Fewer Dutch report deterioration of their neighbourhood
Over the past few years, the number of people annoyed by graffiti on walls and buildings, vandalised bus and tram shelters and dog droppings in their neighbourhood has been declining, according to CBS.
This decrease has been observed in urban as well as rural areas, although city dwellers are more frequently annoyed than people living in smaller communities. People living in the four major Dutch cities also think the level of decay in their own neighbourhood has been reduced.

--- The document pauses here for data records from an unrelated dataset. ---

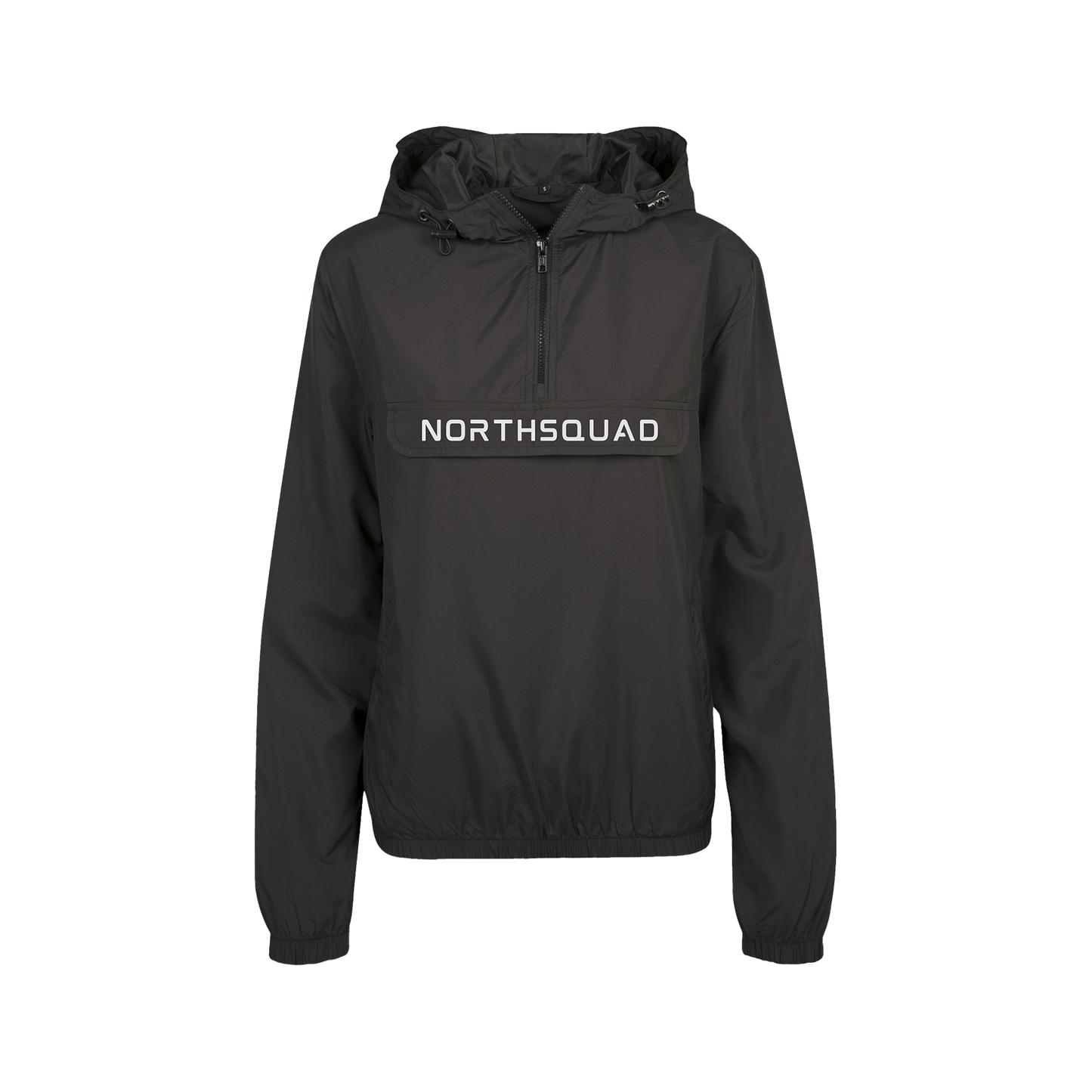 NS Hurricane Anorak i Black Ice – fram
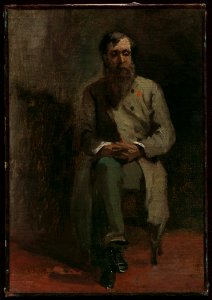 Corot - Portrait of a Man, 91.27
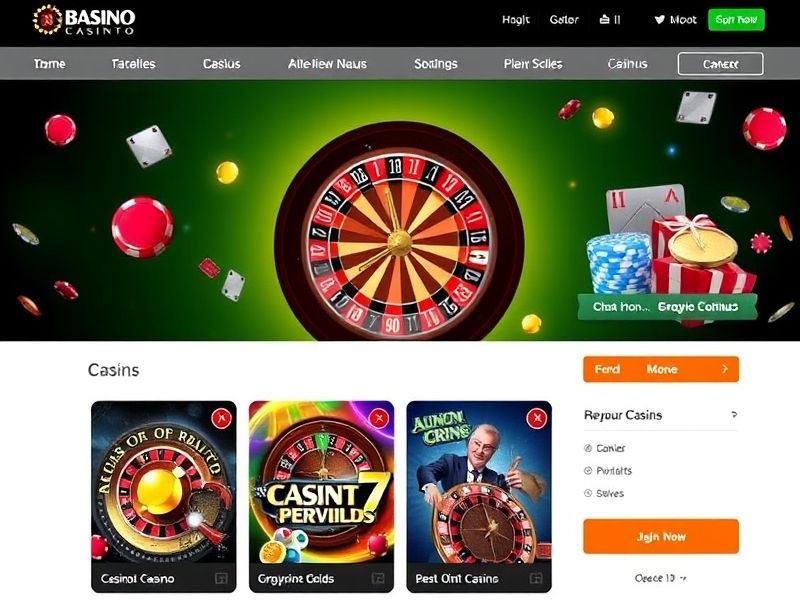 Official guide to the best UK casino websites of 2024. Compare top online casinos, read expert reviews, discover bonuses, and explore UKGC-licensed platforms for real money games.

From 2008 to 2011, the share of the Dutch population who indicated that dog droppings were a common sight in their neighbourhood dropped from 33 to 29 percent. Intentional destruction of street furniture has also declined in recent years, from 14 percent in 2008 to 9 percent in 2011. Graffiti on walls and buildings has also become a less common sight compared to several years ago, but the decline is less substantial.
City dwellers have to cope with deterioration of their neighbourhood environment more often than people living in small villages. In highly urbanised municipalities, the proportion of people who report that litter in the streets is a frequent phenomenon is double that of municipalities with a lower degree of urbanisation. Graffiti on walls and buildings is found three times as often in cities as in rural areas.
The level of deterioration is considered to be less serious in urban as well as rural areas. Essentially, the manner in which city dwellers and people living in small communities cope with decay in their direct environment has not changed.
The level of annoyance with neighbourhood decay also decreased within the four major cities in the Netherlands (Amsterdam, Rotterdam, The Hague, and Utrecht). Graffiti on walls and buildings and litter in the streets are obviously more common in these cities than on average across the country, but dog droppings and vandalism of street furniture are just as common as in the rest of the country, and similarly are on the decline.